Description of the task
When you write out the listing, keep every character and omit the pictures.

Recorded information
------------------------------------------------------------------------

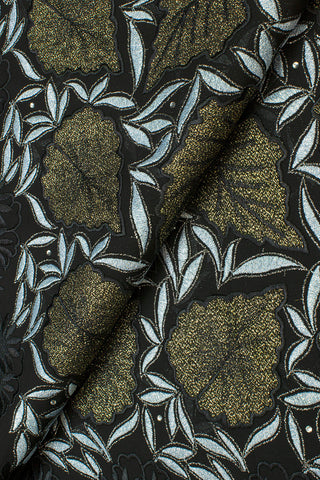 OCL172-BLK - Big Voile Lace, Made In Austria - Black & Antique Gold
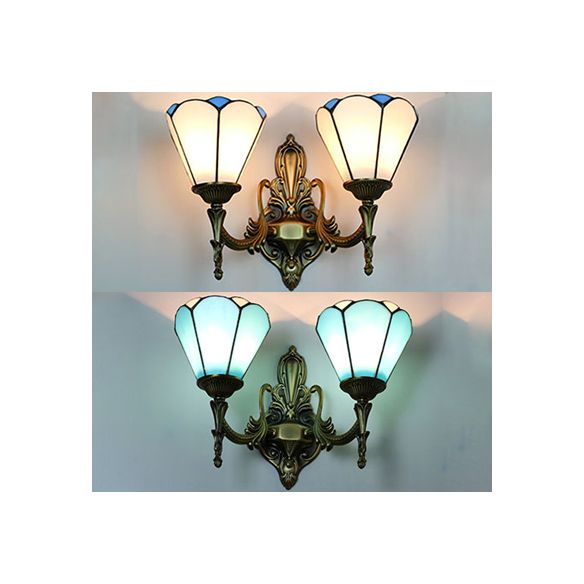 Stained Glass Cone Wall Sconce Light 2 Lights Vintage Loft Wall Mount Light in White/Blue for Bedroom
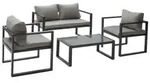 Gartenm&ouml;bel IBIZA aus grauem Stoff 4-Sitzer - Aluminium Anthrazit - Grau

------------------------------------------------------------------------

Exercise output
 OCL172-BLK - Big Voile Lace, Made In Austria - Black & Antique Gold
 Stained Glass Cone Wall Sconce Light 2 Lights Vintage Loft Wall Mount Light in White/Blue for Bedroom
 Gartenm&ouml;bel IBIZA aus grauem Stoff 4-Sitzer - Aluminium Anthrazit - Grau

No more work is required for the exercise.